* _PROBLEM DESCRIPTION_: Report all lines of the records that contain "Women".

* _SOURCE MATERIAL_:
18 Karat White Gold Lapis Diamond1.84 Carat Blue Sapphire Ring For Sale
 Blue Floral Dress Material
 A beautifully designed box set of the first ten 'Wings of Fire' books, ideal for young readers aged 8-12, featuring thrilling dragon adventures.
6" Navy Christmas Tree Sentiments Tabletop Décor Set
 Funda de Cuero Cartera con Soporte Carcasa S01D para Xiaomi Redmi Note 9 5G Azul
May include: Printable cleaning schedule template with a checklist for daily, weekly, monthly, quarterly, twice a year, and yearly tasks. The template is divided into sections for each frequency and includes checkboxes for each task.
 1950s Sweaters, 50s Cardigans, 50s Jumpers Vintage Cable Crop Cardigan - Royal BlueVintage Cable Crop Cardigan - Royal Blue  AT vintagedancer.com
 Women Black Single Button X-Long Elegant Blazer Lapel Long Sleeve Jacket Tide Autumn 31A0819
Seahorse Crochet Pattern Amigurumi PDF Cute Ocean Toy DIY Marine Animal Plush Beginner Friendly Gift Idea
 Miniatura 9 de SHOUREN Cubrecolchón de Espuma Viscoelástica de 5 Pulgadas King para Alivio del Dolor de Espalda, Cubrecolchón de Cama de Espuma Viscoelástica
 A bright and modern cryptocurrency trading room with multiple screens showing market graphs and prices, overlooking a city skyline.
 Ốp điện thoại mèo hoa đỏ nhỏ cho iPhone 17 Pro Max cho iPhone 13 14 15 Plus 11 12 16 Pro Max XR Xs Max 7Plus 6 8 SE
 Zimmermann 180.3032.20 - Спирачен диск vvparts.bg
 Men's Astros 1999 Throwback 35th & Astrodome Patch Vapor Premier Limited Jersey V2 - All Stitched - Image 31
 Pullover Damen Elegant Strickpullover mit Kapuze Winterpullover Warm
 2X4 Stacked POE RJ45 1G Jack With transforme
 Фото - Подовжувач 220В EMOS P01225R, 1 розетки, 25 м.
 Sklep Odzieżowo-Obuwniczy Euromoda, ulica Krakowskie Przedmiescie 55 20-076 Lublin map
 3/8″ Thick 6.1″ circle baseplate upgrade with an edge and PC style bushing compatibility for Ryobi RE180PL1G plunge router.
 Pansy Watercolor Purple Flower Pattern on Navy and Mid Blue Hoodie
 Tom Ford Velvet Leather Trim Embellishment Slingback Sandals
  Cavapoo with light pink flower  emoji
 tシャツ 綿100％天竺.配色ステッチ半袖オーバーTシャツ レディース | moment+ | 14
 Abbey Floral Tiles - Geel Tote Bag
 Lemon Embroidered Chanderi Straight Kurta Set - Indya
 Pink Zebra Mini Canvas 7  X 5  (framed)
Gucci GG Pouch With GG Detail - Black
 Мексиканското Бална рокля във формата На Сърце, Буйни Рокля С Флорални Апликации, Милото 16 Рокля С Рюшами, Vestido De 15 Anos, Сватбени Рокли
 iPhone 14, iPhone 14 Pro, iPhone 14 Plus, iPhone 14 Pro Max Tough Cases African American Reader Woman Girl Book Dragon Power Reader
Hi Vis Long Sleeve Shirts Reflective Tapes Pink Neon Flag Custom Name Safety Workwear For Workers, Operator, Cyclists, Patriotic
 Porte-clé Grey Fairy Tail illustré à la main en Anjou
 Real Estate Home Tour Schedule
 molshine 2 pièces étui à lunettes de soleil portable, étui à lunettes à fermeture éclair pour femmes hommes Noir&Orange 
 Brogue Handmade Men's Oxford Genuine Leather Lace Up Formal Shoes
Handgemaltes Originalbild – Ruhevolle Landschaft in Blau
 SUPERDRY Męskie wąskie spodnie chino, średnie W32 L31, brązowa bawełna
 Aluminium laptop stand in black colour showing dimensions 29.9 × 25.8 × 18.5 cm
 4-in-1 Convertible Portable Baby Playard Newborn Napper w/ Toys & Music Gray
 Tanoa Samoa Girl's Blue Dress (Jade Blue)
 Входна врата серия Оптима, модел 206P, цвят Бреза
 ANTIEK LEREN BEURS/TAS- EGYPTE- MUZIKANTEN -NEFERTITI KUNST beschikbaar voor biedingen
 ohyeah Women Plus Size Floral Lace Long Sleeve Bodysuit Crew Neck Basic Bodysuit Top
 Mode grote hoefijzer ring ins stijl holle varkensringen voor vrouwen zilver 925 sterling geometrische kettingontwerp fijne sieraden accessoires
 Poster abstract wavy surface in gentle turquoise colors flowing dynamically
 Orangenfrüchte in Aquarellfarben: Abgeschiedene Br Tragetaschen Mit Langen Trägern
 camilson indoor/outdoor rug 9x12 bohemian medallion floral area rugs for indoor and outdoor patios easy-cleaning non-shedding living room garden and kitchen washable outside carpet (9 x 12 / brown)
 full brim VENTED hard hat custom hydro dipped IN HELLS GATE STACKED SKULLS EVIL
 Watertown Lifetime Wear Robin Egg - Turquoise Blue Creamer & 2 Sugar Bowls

* _TASK RESPONSE_:
 Women Black Single Button X-Long Elegant Blazer Lapel Long Sleeve Jacket Tide Autumn 31A0819
 ohyeah Women Plus Size Floral Lace Long Sleeve Bodysuit Crew Neck Basic Bodysuit Top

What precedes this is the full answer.